Zeffirino e il suo messaggio ci
stimolano a non mettere a
tacere, per paura, la buona
notizia del Vangelo.
La sua vocazione missionaria
si manifesta in tante
espressioni di religiosità
popolare che hanno fatto sì
che la sua immagine sia
presente in moltissime
case; cosippure si sono
costruite cappelline e
monumenti a fianco di
strade e sentieri di tutta
l’Argentina e migliaia di
pellegrini visitano ogni
anno Chimpay,
testimoniando che tornano
a Dio mossi dall’ esempio
di Zeffirino.
La sua integrità e la
fermezza nelle
decisioni ci stimolano a
non lasciarci condurre
da interessi meschini;
ma piuttosto a cercare
il bene di tutti.
La sua vita è un messaggio di
santità, vissuta nell’impegno
serio di fronte alla realtà della
sua gente e manifesta a tutti che
lui aveva preso il Vangelo come
progetto di vita.
Zeffirino apre un
cammino perchè
anche noi ci
animiamo a
seguire i suoi
passi.
Ci insegna ad
amare la nostra
terra, la nostra
gente.
Il suo esempio
ci incoraggia a
metterci in
cammino per
essere “utili”
servitori dei
nostri fratelli,
e così
possiamo
diventare
veramente
discepoli e
missionari del
Signore.
In tempi così violenti e di crisi,
come sembra essere l’epoca
attuale, il suo esempio ci insegna
ad essere forti: con un cuore
capace di scoprire l’essenziale, e
così poter superare tanta
discriminazione e violenza.
Zeffirino, figlio di Dio e fratello di tutti ci
conceda la forza per impegnare la nostra
esistenza al servizio del bene comune, della
giustizia e della verità che ci fanno liberi.

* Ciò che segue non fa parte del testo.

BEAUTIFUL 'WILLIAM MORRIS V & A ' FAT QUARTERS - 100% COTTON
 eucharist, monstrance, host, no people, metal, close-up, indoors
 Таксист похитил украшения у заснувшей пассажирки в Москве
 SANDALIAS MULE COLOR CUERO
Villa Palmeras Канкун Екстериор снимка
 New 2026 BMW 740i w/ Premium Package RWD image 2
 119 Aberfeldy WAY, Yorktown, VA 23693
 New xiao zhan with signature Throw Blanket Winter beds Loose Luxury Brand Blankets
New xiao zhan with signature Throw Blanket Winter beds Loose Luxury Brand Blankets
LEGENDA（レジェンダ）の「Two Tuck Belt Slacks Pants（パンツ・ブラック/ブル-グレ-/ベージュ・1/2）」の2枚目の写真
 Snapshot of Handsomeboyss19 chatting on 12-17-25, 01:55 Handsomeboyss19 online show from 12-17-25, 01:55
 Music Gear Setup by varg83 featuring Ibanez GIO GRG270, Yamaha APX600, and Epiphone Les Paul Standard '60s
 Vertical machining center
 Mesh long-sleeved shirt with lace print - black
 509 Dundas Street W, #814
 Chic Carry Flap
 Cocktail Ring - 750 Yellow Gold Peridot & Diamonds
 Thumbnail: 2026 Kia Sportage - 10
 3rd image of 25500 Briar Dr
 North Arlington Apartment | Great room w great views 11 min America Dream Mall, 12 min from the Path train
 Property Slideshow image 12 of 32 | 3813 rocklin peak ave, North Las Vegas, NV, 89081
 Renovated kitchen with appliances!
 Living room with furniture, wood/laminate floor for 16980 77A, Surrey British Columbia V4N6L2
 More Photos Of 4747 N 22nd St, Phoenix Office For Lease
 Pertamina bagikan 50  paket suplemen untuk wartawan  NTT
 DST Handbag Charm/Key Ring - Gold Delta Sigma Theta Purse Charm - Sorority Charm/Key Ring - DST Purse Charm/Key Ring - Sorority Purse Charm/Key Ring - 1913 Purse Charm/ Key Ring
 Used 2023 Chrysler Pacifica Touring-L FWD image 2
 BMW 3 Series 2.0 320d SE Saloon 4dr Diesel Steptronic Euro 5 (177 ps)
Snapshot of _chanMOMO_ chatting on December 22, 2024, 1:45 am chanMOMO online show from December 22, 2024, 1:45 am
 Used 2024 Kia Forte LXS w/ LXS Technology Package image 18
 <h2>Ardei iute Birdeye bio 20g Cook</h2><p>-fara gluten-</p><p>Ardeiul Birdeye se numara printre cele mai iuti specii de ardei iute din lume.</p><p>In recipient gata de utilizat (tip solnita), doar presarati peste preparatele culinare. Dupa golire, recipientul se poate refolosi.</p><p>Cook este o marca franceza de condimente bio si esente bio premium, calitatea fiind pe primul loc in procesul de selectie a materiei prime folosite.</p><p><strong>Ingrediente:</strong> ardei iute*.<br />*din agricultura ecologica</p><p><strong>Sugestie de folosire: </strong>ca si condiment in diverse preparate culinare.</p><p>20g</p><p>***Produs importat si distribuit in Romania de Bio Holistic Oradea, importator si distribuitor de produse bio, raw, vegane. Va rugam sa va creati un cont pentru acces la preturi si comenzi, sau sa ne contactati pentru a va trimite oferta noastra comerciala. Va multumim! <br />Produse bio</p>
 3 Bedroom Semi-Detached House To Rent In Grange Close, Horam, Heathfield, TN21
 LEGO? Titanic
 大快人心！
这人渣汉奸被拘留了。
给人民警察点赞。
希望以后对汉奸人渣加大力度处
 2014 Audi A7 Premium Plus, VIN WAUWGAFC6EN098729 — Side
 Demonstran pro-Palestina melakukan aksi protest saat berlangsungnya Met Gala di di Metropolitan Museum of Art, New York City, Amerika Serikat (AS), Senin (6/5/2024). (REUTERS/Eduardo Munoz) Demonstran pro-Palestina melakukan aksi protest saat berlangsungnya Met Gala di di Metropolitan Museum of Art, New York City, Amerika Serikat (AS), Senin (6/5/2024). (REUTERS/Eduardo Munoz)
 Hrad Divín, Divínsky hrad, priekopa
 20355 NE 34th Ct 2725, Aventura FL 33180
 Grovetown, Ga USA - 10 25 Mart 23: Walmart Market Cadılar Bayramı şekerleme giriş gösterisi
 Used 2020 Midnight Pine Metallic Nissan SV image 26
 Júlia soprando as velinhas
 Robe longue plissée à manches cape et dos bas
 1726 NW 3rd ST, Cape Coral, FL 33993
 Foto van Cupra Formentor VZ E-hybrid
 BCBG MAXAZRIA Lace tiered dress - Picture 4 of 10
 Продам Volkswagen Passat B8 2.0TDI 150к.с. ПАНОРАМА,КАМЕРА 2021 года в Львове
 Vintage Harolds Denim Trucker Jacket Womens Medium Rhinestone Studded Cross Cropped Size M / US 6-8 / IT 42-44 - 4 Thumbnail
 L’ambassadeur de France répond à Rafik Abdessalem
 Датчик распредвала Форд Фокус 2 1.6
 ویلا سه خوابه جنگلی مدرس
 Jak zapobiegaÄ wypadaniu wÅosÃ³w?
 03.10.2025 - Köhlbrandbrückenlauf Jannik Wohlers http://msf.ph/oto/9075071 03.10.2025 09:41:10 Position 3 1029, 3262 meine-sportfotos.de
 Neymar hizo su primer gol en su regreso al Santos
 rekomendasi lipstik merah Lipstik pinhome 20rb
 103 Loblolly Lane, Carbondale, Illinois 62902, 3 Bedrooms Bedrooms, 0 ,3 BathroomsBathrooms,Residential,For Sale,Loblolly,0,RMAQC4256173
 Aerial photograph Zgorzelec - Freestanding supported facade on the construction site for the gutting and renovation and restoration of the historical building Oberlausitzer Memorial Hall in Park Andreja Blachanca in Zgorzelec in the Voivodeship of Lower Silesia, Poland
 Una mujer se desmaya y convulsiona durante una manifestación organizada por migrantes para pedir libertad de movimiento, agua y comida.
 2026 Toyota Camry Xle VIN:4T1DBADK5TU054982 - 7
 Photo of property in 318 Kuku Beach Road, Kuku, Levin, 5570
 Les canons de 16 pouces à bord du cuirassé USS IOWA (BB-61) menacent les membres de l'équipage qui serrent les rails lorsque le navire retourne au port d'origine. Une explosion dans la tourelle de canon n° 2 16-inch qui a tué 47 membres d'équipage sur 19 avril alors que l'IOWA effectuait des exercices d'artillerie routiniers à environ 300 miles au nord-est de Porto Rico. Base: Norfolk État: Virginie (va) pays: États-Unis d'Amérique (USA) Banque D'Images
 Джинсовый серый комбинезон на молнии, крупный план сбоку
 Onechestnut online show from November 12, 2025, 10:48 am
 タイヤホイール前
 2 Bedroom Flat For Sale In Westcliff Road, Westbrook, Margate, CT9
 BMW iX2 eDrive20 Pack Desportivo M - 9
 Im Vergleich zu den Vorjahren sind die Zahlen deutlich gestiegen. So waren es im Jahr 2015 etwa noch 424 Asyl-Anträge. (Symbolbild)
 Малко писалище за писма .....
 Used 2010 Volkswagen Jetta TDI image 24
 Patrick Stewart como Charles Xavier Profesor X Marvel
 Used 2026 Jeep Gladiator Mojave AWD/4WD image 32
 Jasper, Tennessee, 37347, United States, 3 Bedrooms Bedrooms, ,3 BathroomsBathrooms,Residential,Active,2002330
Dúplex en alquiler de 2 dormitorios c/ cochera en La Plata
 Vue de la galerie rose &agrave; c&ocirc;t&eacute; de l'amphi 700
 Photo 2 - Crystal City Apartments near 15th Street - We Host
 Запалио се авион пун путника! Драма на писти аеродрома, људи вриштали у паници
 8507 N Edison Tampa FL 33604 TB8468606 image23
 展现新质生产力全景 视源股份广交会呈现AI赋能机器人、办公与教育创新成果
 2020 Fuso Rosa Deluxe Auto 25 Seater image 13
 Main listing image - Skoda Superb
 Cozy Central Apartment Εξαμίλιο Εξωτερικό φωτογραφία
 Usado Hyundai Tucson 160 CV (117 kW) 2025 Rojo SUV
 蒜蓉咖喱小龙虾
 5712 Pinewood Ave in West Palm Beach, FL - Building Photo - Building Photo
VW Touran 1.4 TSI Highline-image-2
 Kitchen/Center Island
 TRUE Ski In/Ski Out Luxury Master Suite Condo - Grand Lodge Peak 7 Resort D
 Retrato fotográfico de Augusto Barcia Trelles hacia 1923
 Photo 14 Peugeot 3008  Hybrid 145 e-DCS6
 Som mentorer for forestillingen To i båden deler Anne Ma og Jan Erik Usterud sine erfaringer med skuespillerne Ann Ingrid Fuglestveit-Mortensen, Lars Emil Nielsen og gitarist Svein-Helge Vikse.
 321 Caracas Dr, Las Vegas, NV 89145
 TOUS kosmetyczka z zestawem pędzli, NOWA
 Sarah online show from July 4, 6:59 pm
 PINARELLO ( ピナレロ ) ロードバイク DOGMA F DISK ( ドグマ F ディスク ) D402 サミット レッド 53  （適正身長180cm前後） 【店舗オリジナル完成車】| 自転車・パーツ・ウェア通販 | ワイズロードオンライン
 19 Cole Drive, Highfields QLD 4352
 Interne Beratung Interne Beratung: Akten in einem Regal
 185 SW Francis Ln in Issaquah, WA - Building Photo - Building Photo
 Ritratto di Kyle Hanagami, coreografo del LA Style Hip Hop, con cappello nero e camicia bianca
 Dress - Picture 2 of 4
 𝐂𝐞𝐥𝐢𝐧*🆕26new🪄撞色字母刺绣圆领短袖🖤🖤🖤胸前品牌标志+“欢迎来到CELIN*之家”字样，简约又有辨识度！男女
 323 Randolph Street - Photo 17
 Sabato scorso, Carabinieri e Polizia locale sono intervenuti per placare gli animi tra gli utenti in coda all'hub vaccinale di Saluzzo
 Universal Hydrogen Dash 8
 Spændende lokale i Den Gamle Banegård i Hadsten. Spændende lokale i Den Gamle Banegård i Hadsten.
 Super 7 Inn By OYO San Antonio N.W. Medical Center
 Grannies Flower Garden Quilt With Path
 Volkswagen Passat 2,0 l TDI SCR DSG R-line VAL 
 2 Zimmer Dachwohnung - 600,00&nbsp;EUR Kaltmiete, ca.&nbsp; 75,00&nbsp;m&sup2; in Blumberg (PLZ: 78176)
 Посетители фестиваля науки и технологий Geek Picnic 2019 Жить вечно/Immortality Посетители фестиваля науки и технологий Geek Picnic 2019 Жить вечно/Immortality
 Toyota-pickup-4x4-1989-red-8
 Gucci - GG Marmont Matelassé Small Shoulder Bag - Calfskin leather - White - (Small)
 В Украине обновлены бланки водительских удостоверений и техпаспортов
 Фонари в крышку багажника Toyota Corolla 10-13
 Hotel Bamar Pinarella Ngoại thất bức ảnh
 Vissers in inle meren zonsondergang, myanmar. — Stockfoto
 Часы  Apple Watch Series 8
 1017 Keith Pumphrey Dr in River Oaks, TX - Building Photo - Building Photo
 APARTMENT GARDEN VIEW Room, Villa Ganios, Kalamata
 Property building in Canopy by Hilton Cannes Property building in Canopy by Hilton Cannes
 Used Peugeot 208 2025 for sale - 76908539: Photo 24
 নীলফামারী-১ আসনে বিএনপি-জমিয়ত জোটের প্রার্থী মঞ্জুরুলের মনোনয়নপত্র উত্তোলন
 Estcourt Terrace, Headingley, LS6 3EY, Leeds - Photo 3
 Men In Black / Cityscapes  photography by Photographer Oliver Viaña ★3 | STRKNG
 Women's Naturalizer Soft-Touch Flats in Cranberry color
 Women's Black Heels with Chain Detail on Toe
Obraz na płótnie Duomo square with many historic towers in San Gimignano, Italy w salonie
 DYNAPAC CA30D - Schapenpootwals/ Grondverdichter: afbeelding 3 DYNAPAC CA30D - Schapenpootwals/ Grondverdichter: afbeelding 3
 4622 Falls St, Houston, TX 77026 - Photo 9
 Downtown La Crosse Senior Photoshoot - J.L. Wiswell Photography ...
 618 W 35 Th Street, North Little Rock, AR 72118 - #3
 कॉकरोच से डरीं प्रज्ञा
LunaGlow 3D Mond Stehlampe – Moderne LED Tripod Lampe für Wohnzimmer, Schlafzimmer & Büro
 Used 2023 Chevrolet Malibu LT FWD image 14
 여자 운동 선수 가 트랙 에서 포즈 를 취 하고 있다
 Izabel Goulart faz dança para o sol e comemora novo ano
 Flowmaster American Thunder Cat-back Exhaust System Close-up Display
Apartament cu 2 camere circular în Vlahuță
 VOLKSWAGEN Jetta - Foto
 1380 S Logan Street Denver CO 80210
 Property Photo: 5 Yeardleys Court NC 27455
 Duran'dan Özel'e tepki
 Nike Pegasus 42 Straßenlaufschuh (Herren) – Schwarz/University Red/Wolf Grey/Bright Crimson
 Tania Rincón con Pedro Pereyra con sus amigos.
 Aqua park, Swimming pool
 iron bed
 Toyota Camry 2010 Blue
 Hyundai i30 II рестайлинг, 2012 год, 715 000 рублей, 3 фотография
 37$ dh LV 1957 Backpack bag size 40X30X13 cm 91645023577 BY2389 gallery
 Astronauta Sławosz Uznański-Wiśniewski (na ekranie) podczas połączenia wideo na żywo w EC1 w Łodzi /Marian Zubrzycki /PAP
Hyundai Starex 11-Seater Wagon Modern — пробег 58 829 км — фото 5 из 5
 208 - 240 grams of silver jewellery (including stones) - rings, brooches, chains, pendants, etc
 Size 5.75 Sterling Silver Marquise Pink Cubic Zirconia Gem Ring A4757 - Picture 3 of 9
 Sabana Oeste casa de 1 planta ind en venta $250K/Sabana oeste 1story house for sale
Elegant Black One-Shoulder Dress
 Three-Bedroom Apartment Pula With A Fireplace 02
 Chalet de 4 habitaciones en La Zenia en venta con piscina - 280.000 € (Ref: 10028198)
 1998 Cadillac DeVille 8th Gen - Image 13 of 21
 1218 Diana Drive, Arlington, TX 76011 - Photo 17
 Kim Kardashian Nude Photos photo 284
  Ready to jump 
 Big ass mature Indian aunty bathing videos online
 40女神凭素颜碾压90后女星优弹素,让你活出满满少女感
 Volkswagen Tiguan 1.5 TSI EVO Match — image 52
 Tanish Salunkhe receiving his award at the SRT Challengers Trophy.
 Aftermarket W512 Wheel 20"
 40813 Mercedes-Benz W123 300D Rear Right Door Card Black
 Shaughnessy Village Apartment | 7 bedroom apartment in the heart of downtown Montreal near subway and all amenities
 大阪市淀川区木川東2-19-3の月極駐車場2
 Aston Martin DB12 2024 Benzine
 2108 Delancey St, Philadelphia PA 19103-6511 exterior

È modello di amore per la sua famiglia, per il suo
popolo e per la sua terra.
Modello di fede che ha saputo mantenere e far
crescere pur tra difficoltà e croci.
Modello giovanile per il progetto di vita che seppe
forgiare.
Oggi il nostro mondo ha bisogno di giovani che
desiderino essere “utili alla loro gente”, che
vogliano essere missionari del loro ambiente.
Zeffirino, figlio di Dio e fratello di tutti
Gesù, grazie per aver chiamato alla vita e
alla fede il nostro fratello Zeffirino, figlio
dei popoli originari dell’ America del Sud.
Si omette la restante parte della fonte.